Monday morning, Donald Trump delivered a speech from the oval office in response to the mass shootings in El Paso, TX and Dayton, OH. You can read the transcript here and watch the full video below (Trump starts at the 37:55 mark):
More than a few Internet commenters are pointing to the fact that Trump mistakenly referred to the “Toledo” shootings at the end of his speech (which, for what it’s worth, isn’t as egregious as Joe Biden’s error), but the more important point is just how useless the entire spectacle was.
“We are outraged and sickened by this monstrous evil, the cruelty, the hatred, the malice, the bloodshed, and the terror,” Trump said, but no, the fact is that “we” are not. Most of us are inured to it at this point, saddened and a little more disheartened each time we hear of some new atrocity, but fundamentally unable to dredge up true outrage each time lest we spend our entire lives in that state. As for Trump, many people have already drawn the line between his rhetoric (and the rhetoric of conservative commentators) and the El Paso shooter. But as Jake Weindling noted earlier on Monday, this kind of white supremacist violence is so ingrained in our system that the promotion of it might as well be intentional.

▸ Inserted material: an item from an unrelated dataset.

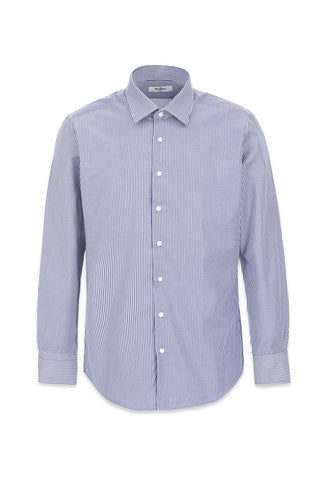  Koyu Lacivert Uzun Kol Slim Fit Çizgili Klasik Yaka Pamuklu Kolay Ütülenebilir Gömlek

Which is what makes commentary like this so laughable:
This is what happens when you have a mainstream media obsessed with optics, and it's probably unfair to pick on Wong—you're going to see this exact same kind of commentary all over the place, and you've already seen some of it on TV. But, as we've seen time and time again, optics don't matter. It doesn't even matter that Trump called for gun control (or, more absurdly, the death penalty, as if that's going to deter anyone). Even if gun control were to pass, which it almost certainly will not, the current composition of the Senate ensures that it will be the most tepid, extend-the-waiting-period-by-a-few-days kind of “reform.”
And Trump knows that! He knows he can call on Congress to do literally whatever, and nobody's going to hold him, or Congress itself, to the words. To be impressed by his tone is to be a dupe.
There’s exactly one way to change things, and that’s to wrench control from Republicans in Congress and the oval office. (Seriously, look what Moscow Mitch was tweeting after the shootings.) As those branches are currently constituted, the people that matter won’t take any action. They will spout empty rhetoric, and they will count on us to forget. And the cycle will repeat, just as it has over and over, until the next shooting. For that—unlike the prospect of gun control in America—you won’t have to wait long.